How to complete this task:
Go through the entries and transcribe each one exactly, dropping the pictures.

(Extracted information Opens)

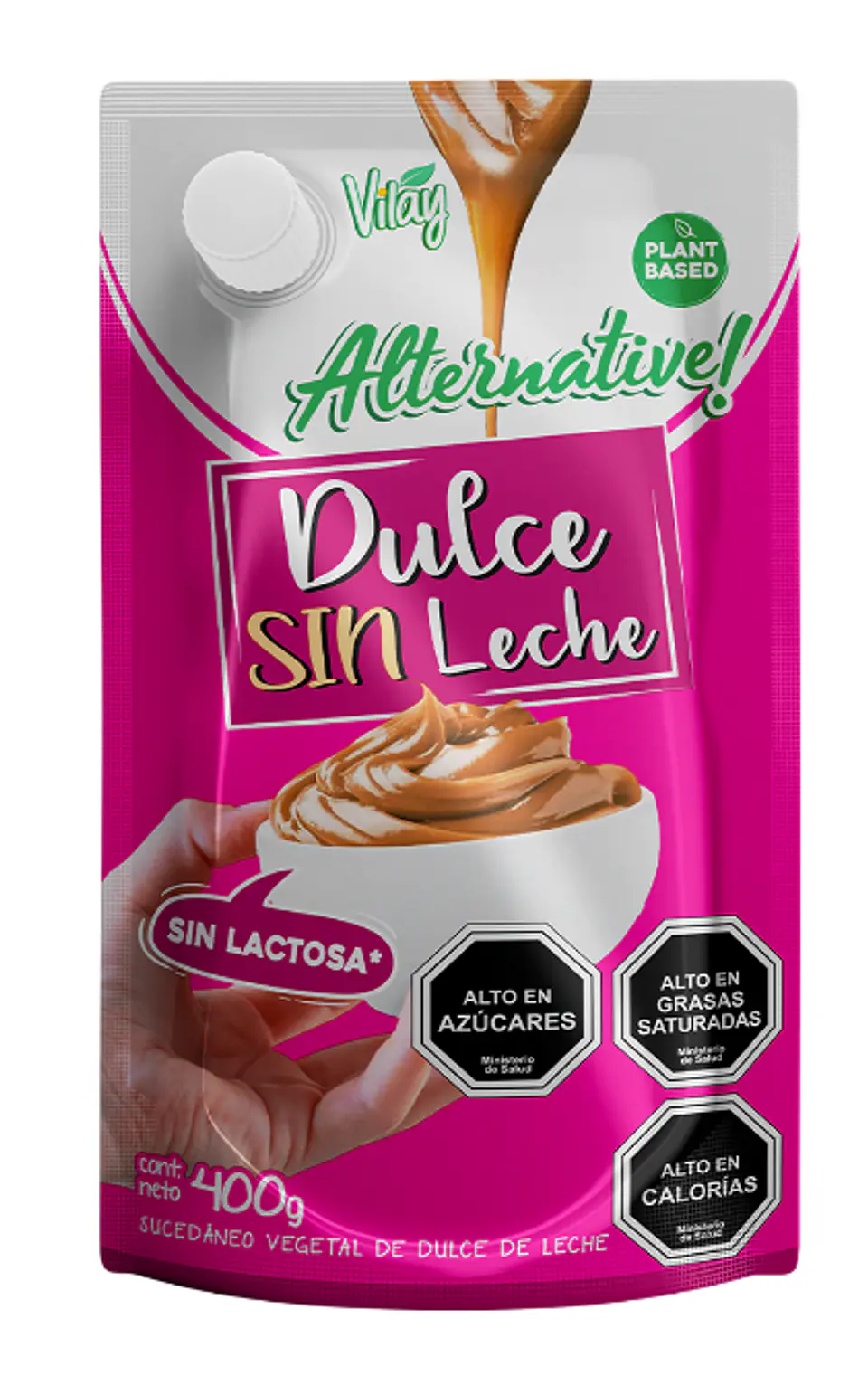 Dulce sin Leche 400g Vilay 1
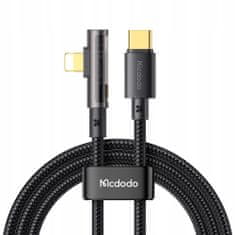 Mcdodo Mcdodo Uhol Usb-C Lightning Rýchlonabíjací Kábel 36W Pre Iphone 14 2M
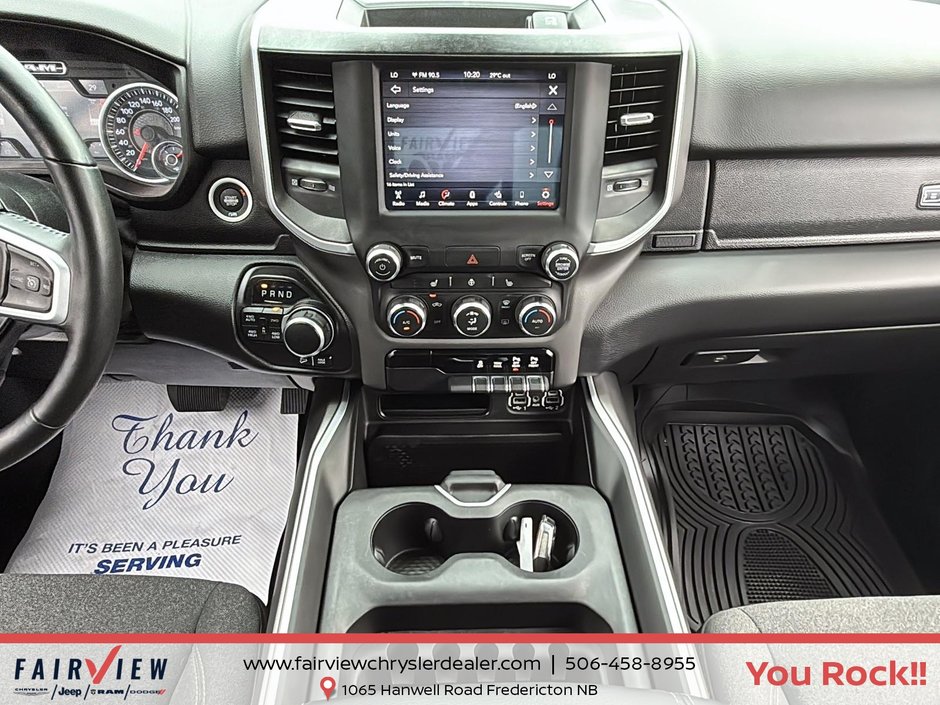 2020 Ram 1500 Big Horn Level two sport appearance package, heated seats, heated wheel command start, navigation
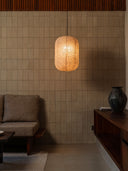 Ethan | Elegant Natural Mulberry Paper Pendant 0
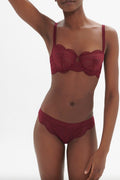 Karma Thong - Dark Red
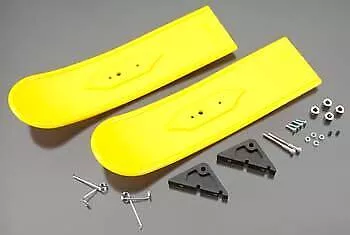 Du-bro 825Y Yellow Snowbird Main Snow Skis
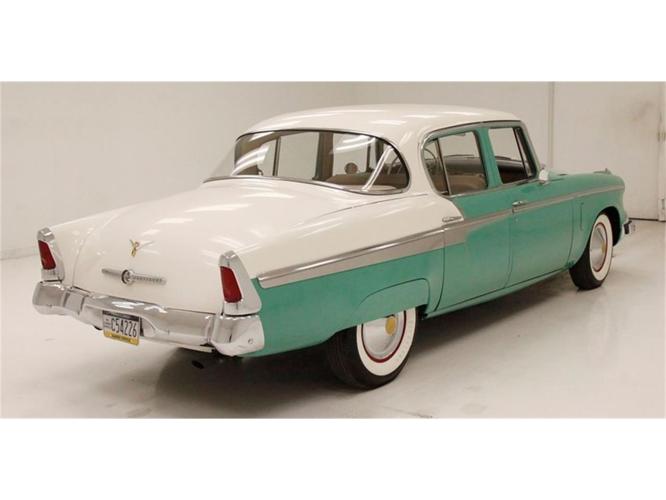 1955 studebaker president in morgantown, pennsylvania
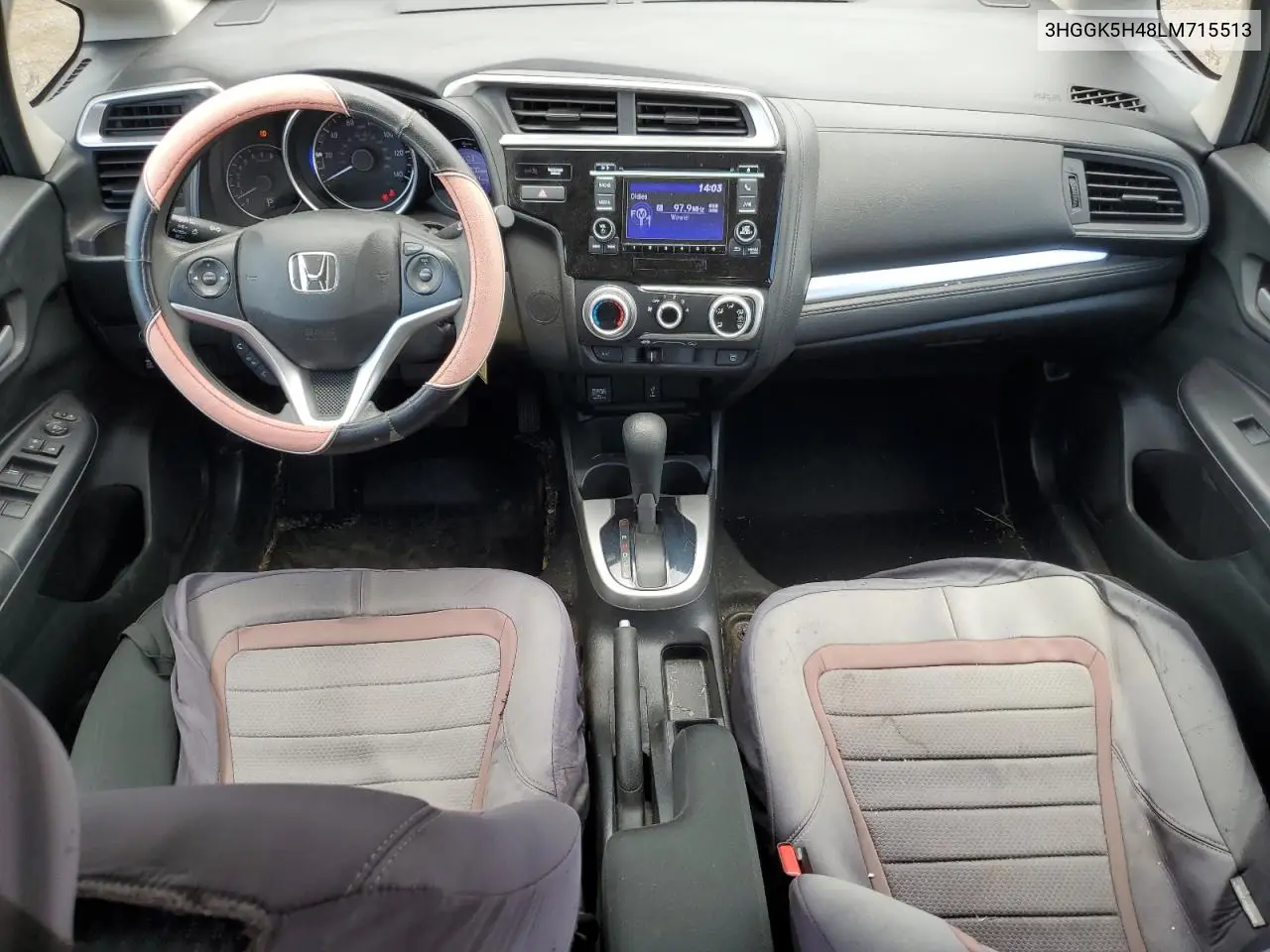 3HGGK5H48LM715513 2020 Honda Fit Lx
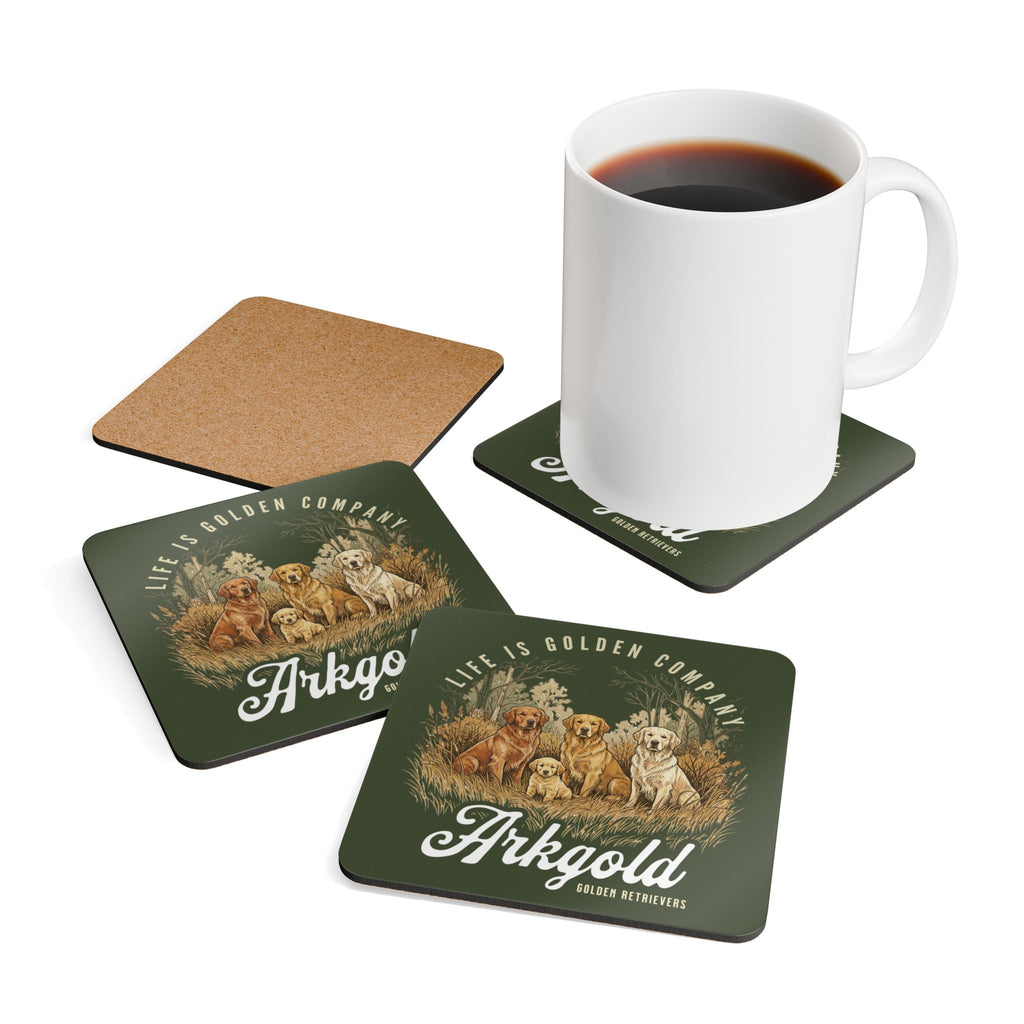 ArkgoldCorkwood Coaster Set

(Extracted information Closes)

Solution to this problem:
 Dulce sin Leche 400g Vilay 1
 Mcdodo Mcdodo Uhol Usb-C Lightning Rýchlonabíjací Kábel 36W Pre Iphone 14 2M
 2020 Ram 1500 Big Horn Level two sport appearance package, heated seats, heated wheel command start, navigation
 Ethan | Elegant Natural Mulberry Paper Pendant 0
 Karma Thong - Dark Red
 Du-bro 825Y Yellow Snowbird Main Snow Skis
 1955 studebaker president in morgantown, pennsylvania
 3HGGK5H48LM715513 2020 Honda Fit Lx
 ArkgoldCorkwood Coaster Set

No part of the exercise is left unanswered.